Qu'importe, au final, puisque le jeu est strictement le même en dehors des graphismes et des contrôles. La principale opportunité légitimant l'existence de ce remake (et son prix) a été balayée au nom de la fidélité (quoi ? Flemme ? Mais non). J'admets toutefois que ces nouveaux contrôles donnent initialement un nouveau souffle à l'expérience. Mon principal reproche envers Snake Eater/Subsistence était sa propension à décourager l'expérimentation et l'exploration des systèmes. Les nouveaux contrôles, permettant des mouvements plus souples, ont rendus pour moi le jeu un peu plus propice à l'exploration et la créativité, qui reste malgré tout tout à fait marginale dans une boucle de gameplay centrée autour des headshots de tranquillisants et du camouflage.
On se rend malheureusement très vite compte que cette concession à la modernité ne fut pas implémentée avec tout le soin nécessaire. Que le personnage soit encore plus rigide que certains jeux sortis il y a vingt ans, passe encore, mais ce système de couverture automatique, un peu hasardeux, qui vous force à sortir d'un couvert en vous déplaçant pour attaquer un ennemi, l'impossibilité de changer de position si vous êtes immobile ou le système de mise en joue d'un ennemi à terre qui marche une fois sur deux, entre autres cafouillages, gâchent un peu la fête et ternissent le seul apport de gameplay de cette mouture.

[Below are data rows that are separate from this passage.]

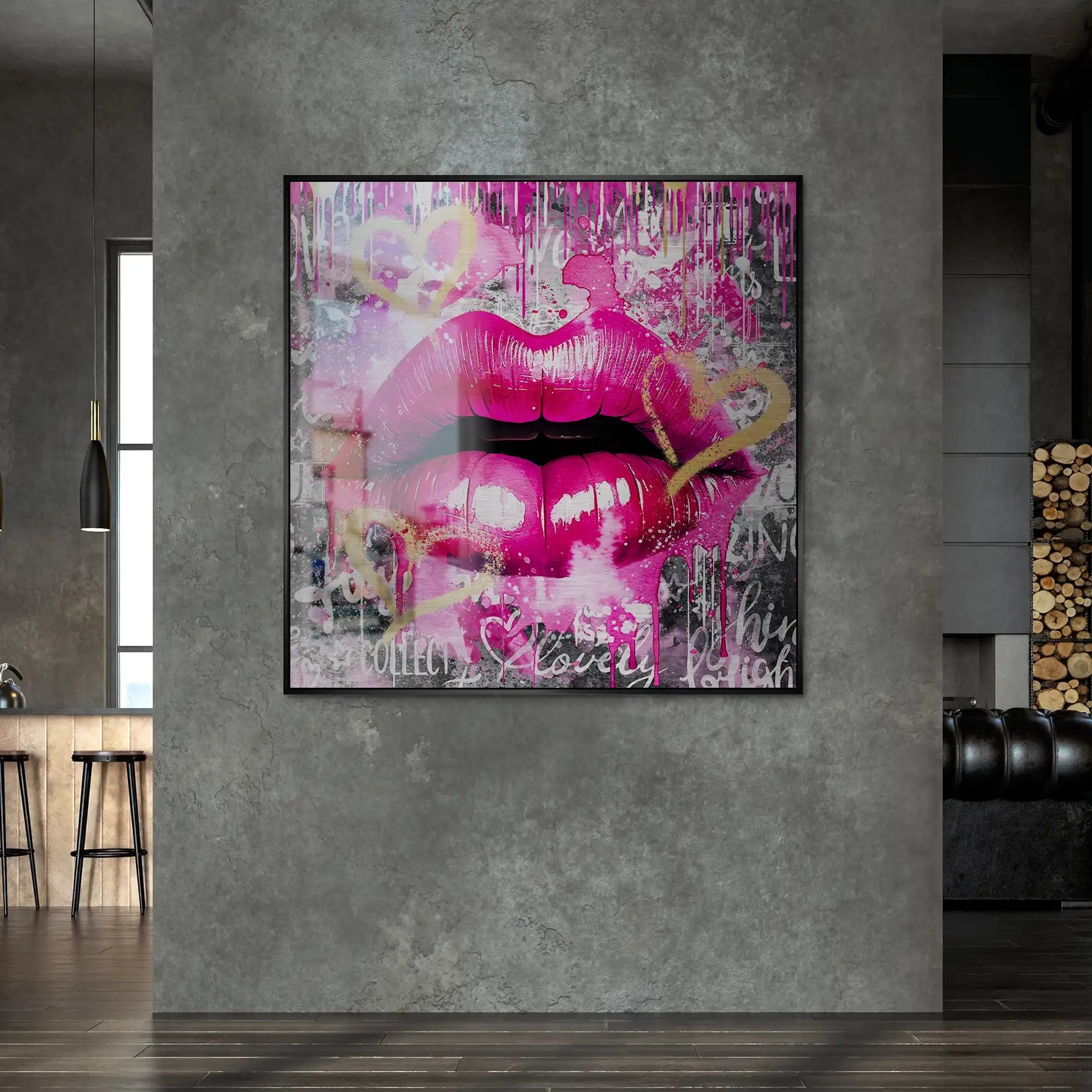 Sweet Lips Dark Style Alu Gebürstet Bild INGALERIE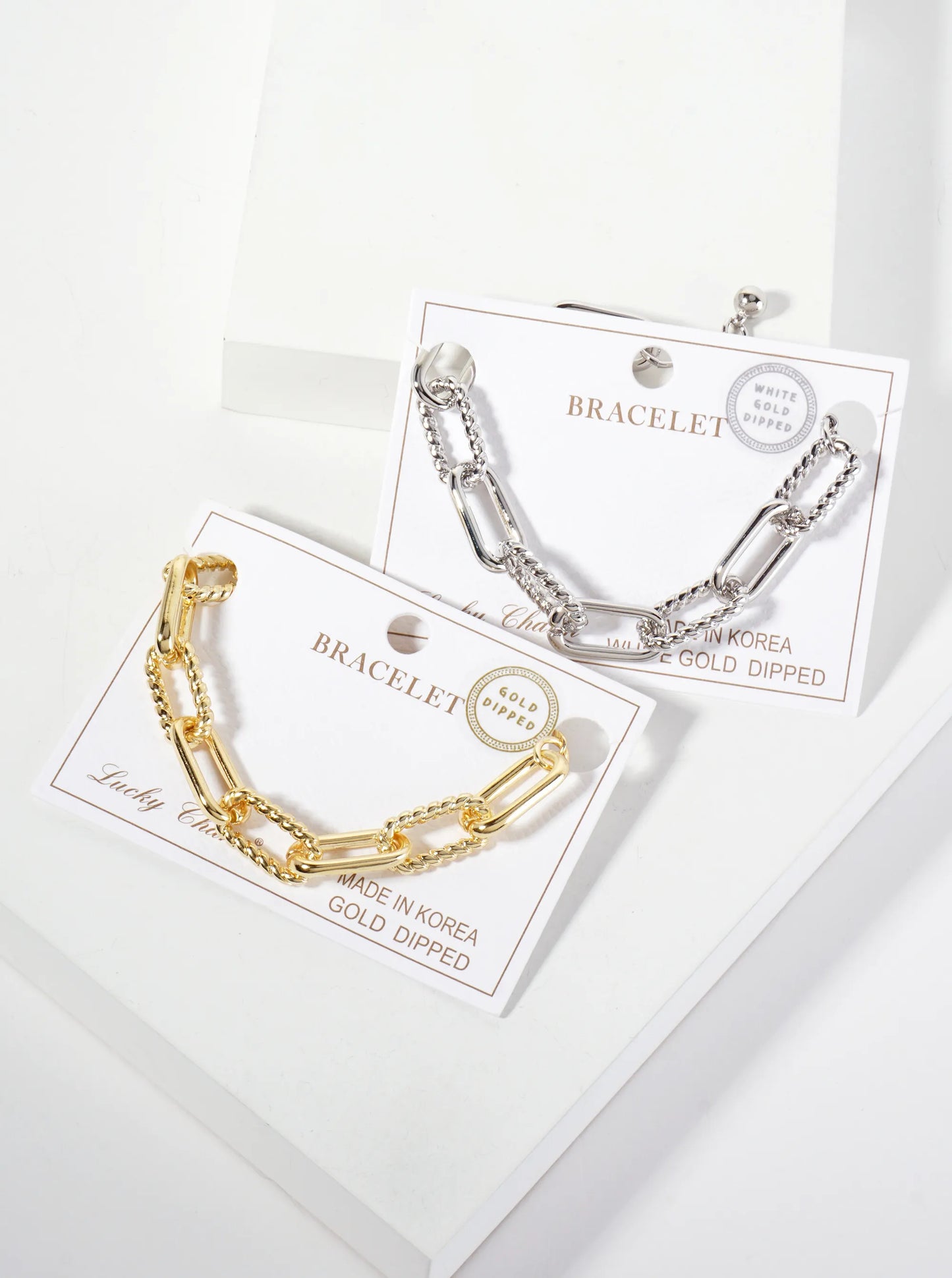 18K-Gold-Dipped 20mm Rope-Texture Polished Brass Chain Bracelet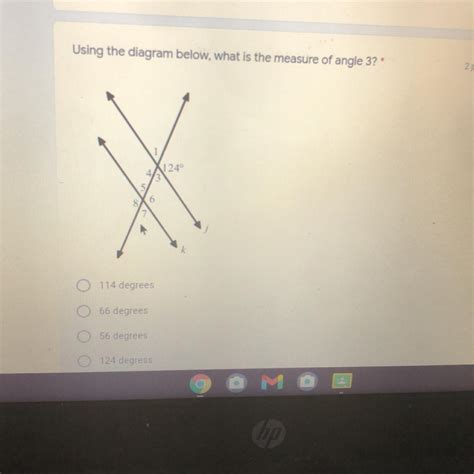 Using the diagram below what is the measure of angle 3 1249 6 O 114 ...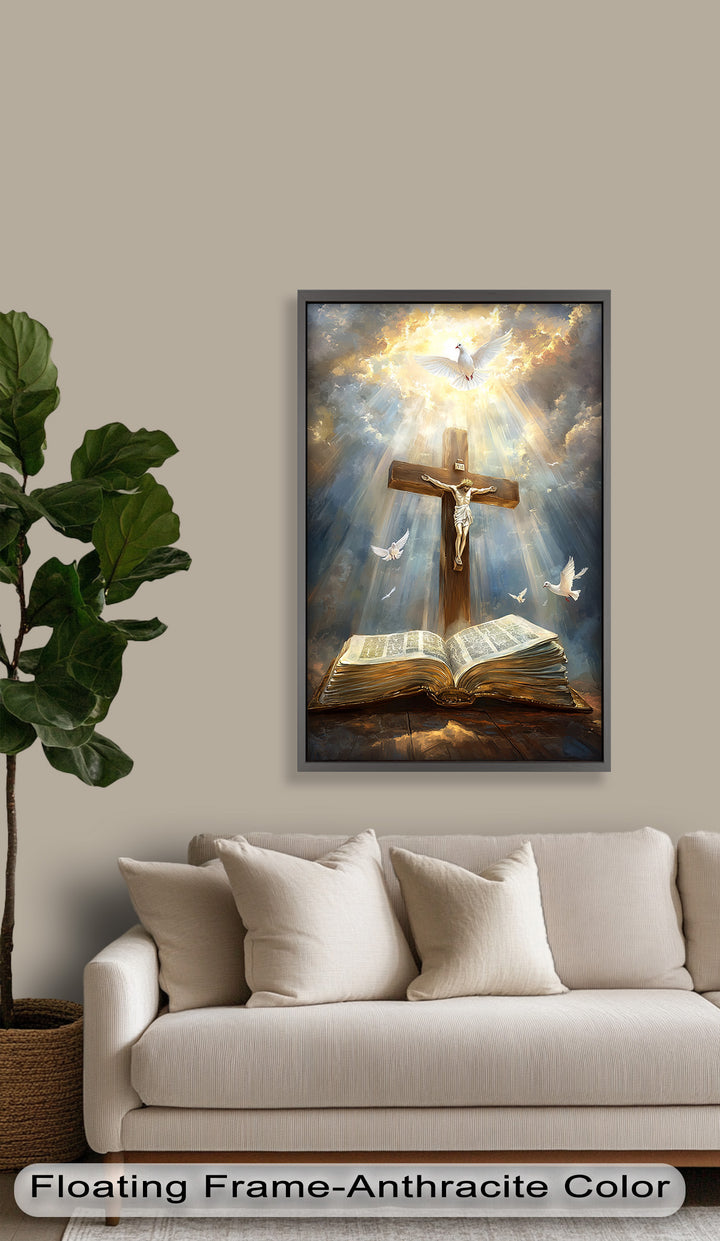 Jesus on the Cross with Open Bible and Doves - Oil Painting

Mais le principal argument commercial réside bien sûr dans les nouveaux graphismes. Même ici, le boulot est bâclé. Avoir un jeu aussi mal optimisé et buggé est déjà problématique, mais qu'il le soit dans les zones minuscules du jeu de base est absolument ridicule. Quand bien même cela fonctionnerait correctement, j'ai du mal à voir l'intérêt. Certes, la jungle est plus riche visuellement, mais étant donné les zones toujours aussi étriquées, j'ai pas trouvé l'exploration beaucoup plus immersive. Seul le passage dans les montagnes, au panorama réussi, a représenté une amélioration nette pour moi. Les cinématiques ont quant à elles carrément souffert du changement. Le rendu initial était très satisfaisant, et le côté moins réaliste faisait mieux passer le burlesque de certaines scènes et les mouvements exagérés des personnages. Foutre des graphismes photoréalistes dessus ne sert qu'à faire sombrer la moitié des personnages dans l'uncanney valley (les animations faciales paraissent même plus rigides qu'en 2004) en perdant en cachet au passage.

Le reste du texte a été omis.